# My latest



## Seffers93 (Jun 20, 2021)

This one is going to an old friend.
AEB-L, boxelder burl and African Blackwood, featuring the new and improved makers mark. Thanks for looking!


----------



## HumbleHomeCook (Jun 20, 2021)

That is a very lucky friend. Gorgeous!


----------



## Seffers93 (Jun 20, 2021)

HumbleHomeCook said:


> That is a very lucky friend. Gorgeous!



Thank you!!


----------



## birdsfan (Jun 20, 2021)

Really nice profile Seth! Good flat cutting area with just enough curl at the tip to accomodate us German bred rock cutters. I like the way you made the finger inset, but took care to ease the heel. All in all very thoughtful design. Care to post a choil shot to show off your grind?


----------



## Seffers93 (Jun 22, 2021)

birdsfan said:


> Really nice profile Seth! Good flat cutting area with just enough curl at the tip to accomodate us German bred rock cutters. I like the way you made the finger inset, but took care to ease the heel. All in all very thoughtful design. Care to post a choil shot to show off your grind?

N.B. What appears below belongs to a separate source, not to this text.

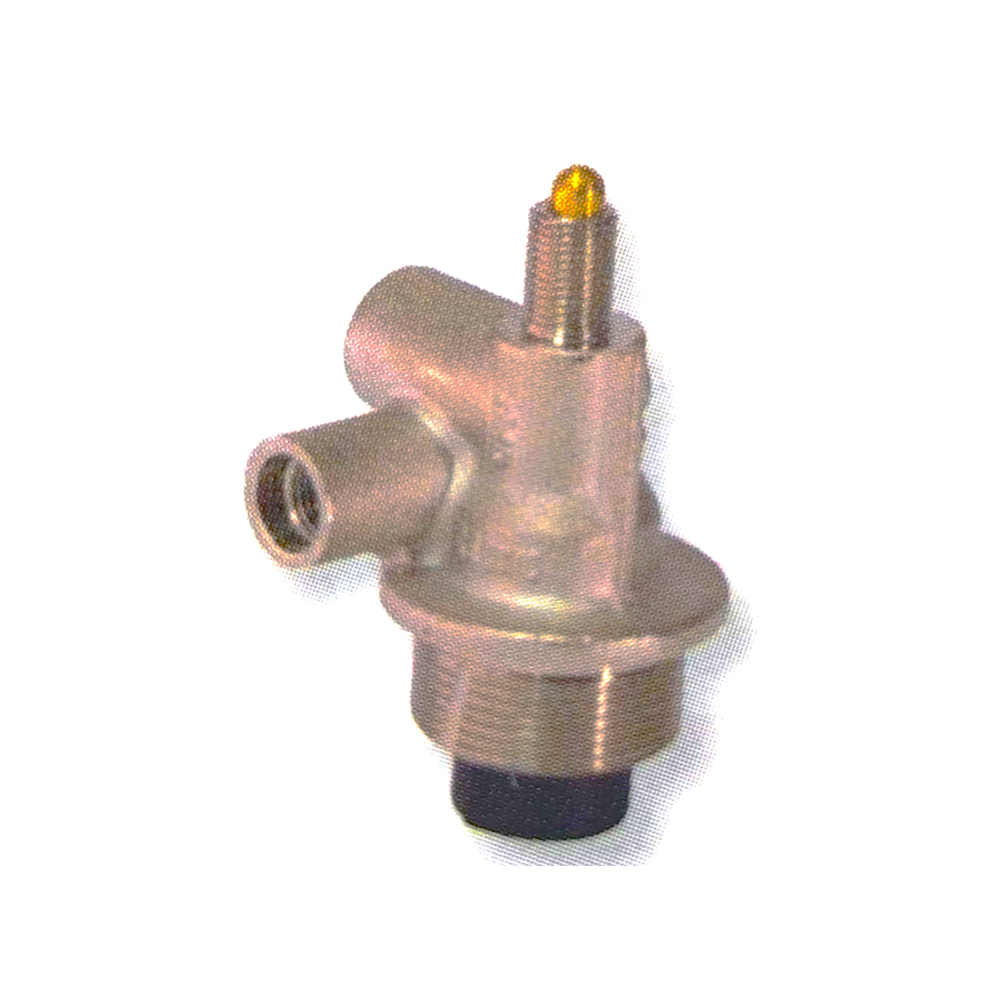 This image for Image Layouts addon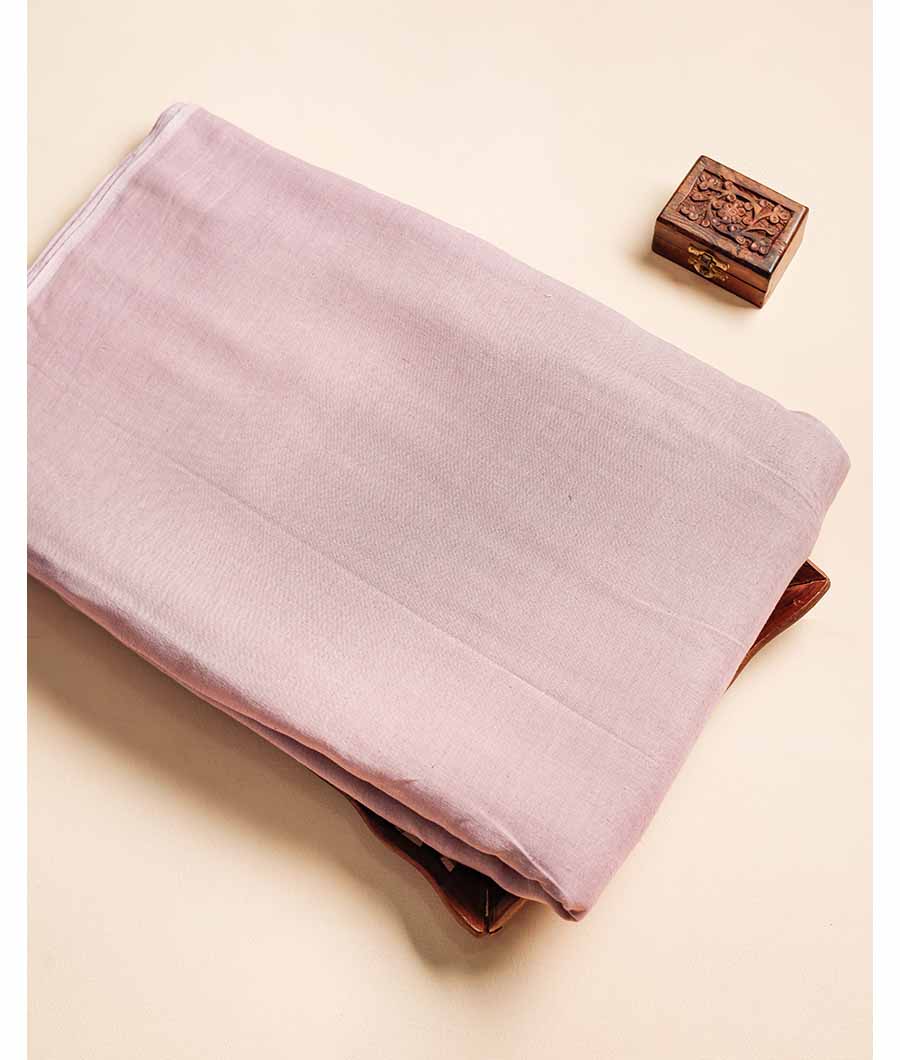 PURE LINEN 60 LEE FABRIC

Thank you! I really appreciate the feedback. I just remembered to take a choil shot before sending it out. Almost forgot! One shot was a little dusty and both are somewhat blurry at the edge. Still working on my choil shot skills!


----------



## birdsfan (Jun 22, 2021)

Nice grind! Looks real thin behind the edge!


----------



## Seffers93 (Jun 22, 2021)

birdsfan said:


> Nice grind! Looks real thin behind the edge!



Thanks! It definitely is. Cuts like a dream too! I was really happy with the turnout on this one. Thanks again for the feedback!


----------



## matchplay18 (Aug 24, 2021)

Nice grind and attention to detail


----------